Adds Jean Glaubert Burasa – director of publication for ‘Rushyashya’, a bi-weekly newspaper published in Kigali – “This refusal to compensate the survivors is another way of humiliating victims, and supporting those responsible for the genocide.”
Rwanda’s authorities admit that the need for reparations has confronted them with a dilemma.
“The Rwandan government is not in a position today to promise what it will never have the means to deliver,” Edda Mukabagwiza, minister of justice and institutional relations, told IPS.
Simply listing the victims, and damages sustained in terms of physical and psychological injuries, as well as goods destroyed – is a huge task that the Rwandan government cannot take on alone, notes Mukabagwiza.

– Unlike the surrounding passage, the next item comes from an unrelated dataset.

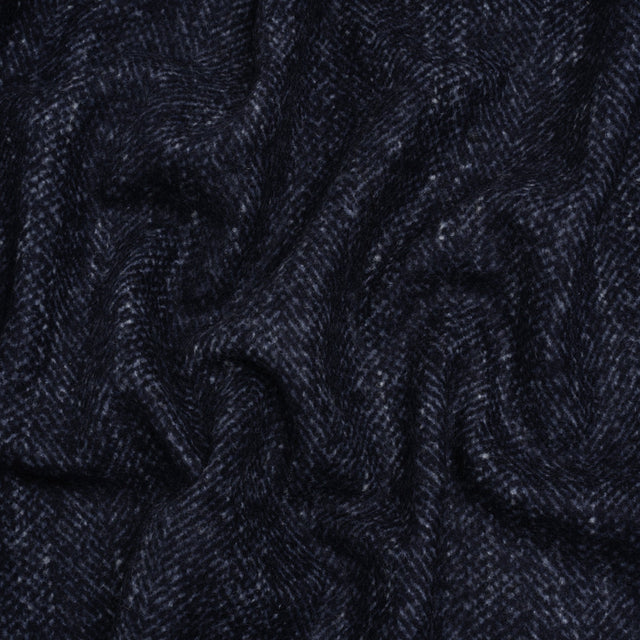 Brushed Wool and Silk Coating Made in Italy - Tweedy Blue and Navy Herringbone - Deadstock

Faced with government’s limitations in the matter of compensation, certain associations for genocide victims have started income-generating activities. These include the Association of Genocide Widows of April 1994 (l’Association des veuves du génocide d’avril 1994, AVEGA) which last year began making small baskets for decoration – and export to the American market.
Named ‘Basket of Peace, the project has received support from Canada. At present some 200 women are participating in the initiative, including genocide widows and women whose husbands are in prison on genocide charges – AVEGA president Bellancille Umukobwa told IPS.
Joséphine Nyirantwali is one of those who has benefited from ‘Basket of Peace’. Previously, she depended entirely on aid of 60 dollars a month provided by the Assistance Fund for Genocide Survivors, set up by government in 1998.
Today, however, Nyirantwali is able to support herself. “It’s the sad experience of the past that gave me the courage to stand in solidarity with my other colleagues,” she said.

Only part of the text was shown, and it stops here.